Visual Navigation Precision Guidance
Screen shot from NASA video 2020

Visual Navigation Precision Guidance

Apollo 11's Neil Armstrong visually guided its landing, avoiding a boulder field. Perseverance autonomously did the same, landing about 35 meters to the left of the "bullseye" above. Both were critical needs to achieving mission success.

But with each of these there was a "follow-on" that made these victories especially poignant for NASA and the world. For Apollo it meant a string of missions where skills and capabilities were increased alongside mission risk each time.

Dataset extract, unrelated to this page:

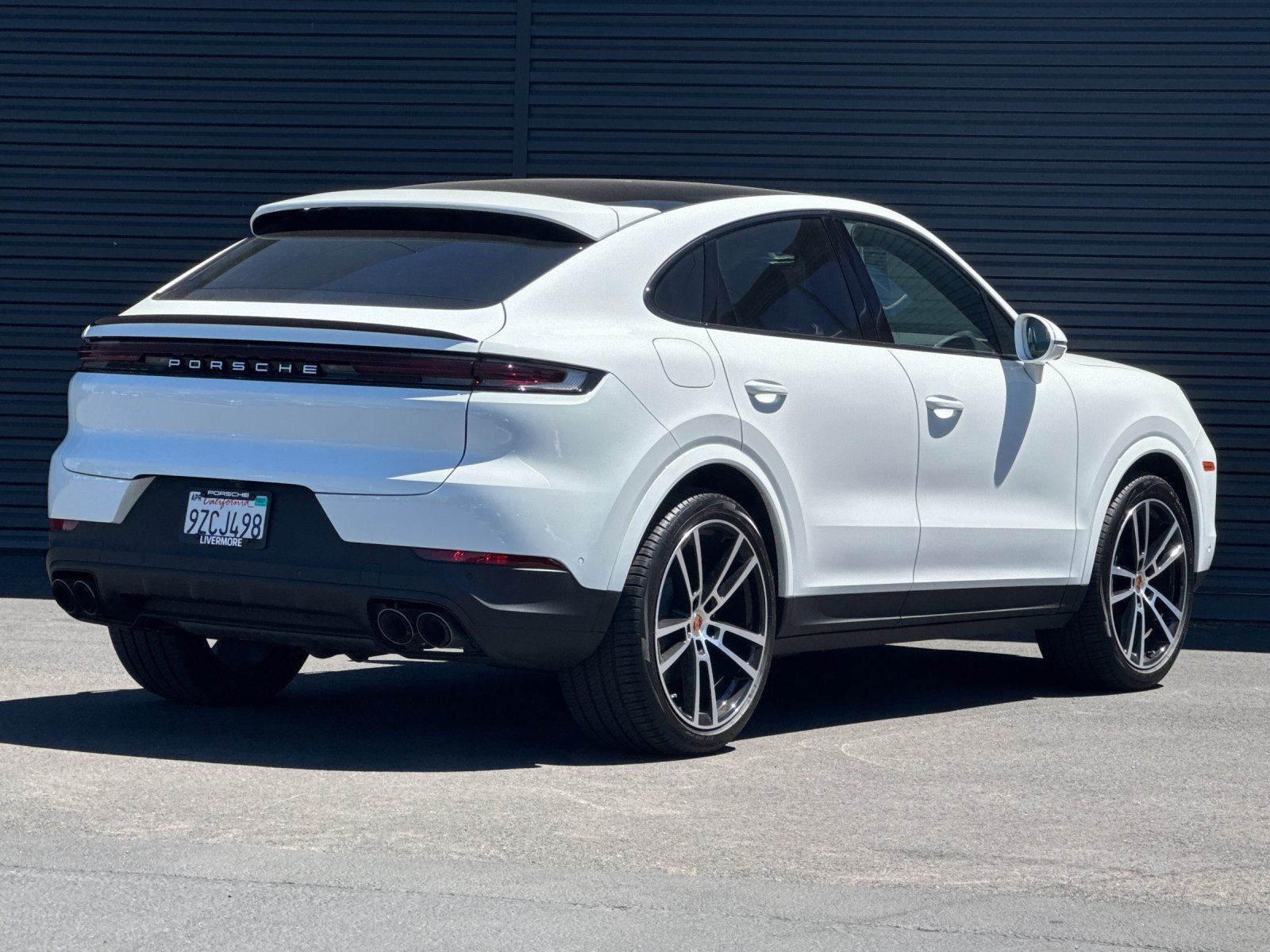 2026 Porsche Cayenne Coupe Base — foto completa 8 de 29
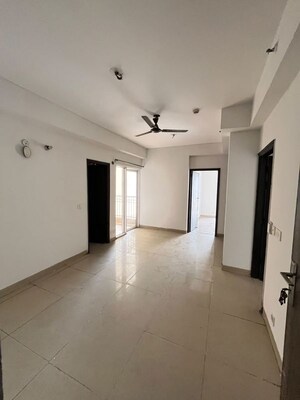 Room in 2 BHK Apartment at Himalaya Pride, Tech Zone 4 Greater Noida – for Rent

For "Percy", it meant that a mission spanning a decade of Mars Sample Return, which requires precision landings to the same location, could proceed, again with subsequent increased capabilities, risk, and vehicle coordination. The samples Percy collects will be collected up by a trailing, high speed collection rover, and launched into orbit, where another satellite will spot them in orbit, capture them, depart for Earth, and send them in another return vehicle to land on the Earth.

These, and an upcoming Ingenuity helicopter will also rely on visual guidance in part to succeed. Vision systems, which in the 1980's were considered bleeding edge technology, have advanced to mission critical stage. (We're not yet to the consumer stage, as the over-hyped "Level 5" autonomous vehicle systems for automotive use and quarterly tragedies with accidents show us.)

That NASA can capture Neil's skill and apply it in five decades to what may become routine unmanned vehicle operations elsewhere in the solar system is a major accomplishment.

And that vision systems have become a mainstay of our culture, only to improve from this point forward.

William Jolitz - Thanks for posting this. I hadn't seen the auto-navigation aspect of this mission described this well. Impressive abilities.